Plans call for a 2,500-person capacity outdoor music venue, a smaller indoor music hall and bar, and a “soul-Americana” restaurant. The sprawling grounds at 665 Riverside Drive will also feature three different river access points and an array of outdoor leisure sport opportunities. Developers are including a parking lot that can handle 400 to 450 cars.

“The whole property’s going to sew together,” says Danny McClinton, one of the project partners.

The music venue and special event portion of the property, called the Salvage Station, will hold a soft opening Saturday, Sept. 20,  hosting the official Zombie Float after-party, a benefit for the Western North Carolina Alliance. Although a permanent stage isn’t scheduled to be completed until next spring, Salvage Station will likely host a few more “big public events” through the end of the year using temporary staging, says McClinton. When complete, the outdoor venue will include a series of platforms and benches to “amphitheater it out,” he says.

This pebble walkway leads to a field that will hold a permanent outdoor stage.

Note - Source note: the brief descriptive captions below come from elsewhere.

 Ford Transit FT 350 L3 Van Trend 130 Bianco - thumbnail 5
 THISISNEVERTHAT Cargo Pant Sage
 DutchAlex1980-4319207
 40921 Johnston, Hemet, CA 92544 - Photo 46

Newly mulched and manicured, the site will hold up to 2,500 concert-goers. Photo by Jake Frankel.
This pebble walkway leads to a field that will hold a permanent outdoor stage. Newly mulched and manicured, the site will hold up to 2,500 concert-goers. Photo by Jake Frankel.

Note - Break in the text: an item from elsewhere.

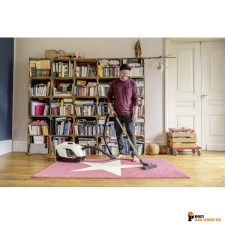 kaercher/Kaercher_11952500_2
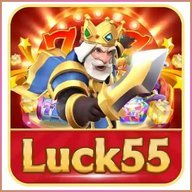 luck55nmcmzc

Jessica Tomasin, an event producer and studio manager at Echo Mountain Recording, will be a key figure in helping determine the music programming, says McClinton, noting, “the venue will be open to all music scenes.”

Adjacent to the outdoor amphitheater, developers are renovating and expanding an existing building on the site into a 4,800-square-foot bar and indoor music venue.

The other end of the property to the north will be anchored by a new restaurant called El Camino, featuring a menu that “will sort of cater to everybody,” says McClinton. With the kitchen headed by Nate Kelly, owner of The Lowdown Food Truck, the restaurant will serve “vegetarian plates, salads, smoked and jerked meat, fish and tacos,” says McClinton. His business partners include Barley’s Taproom owner Jimi Rentz and Matt Ragaller, who says, “it will be hard for someone to go in there and not find something on the menu they like.”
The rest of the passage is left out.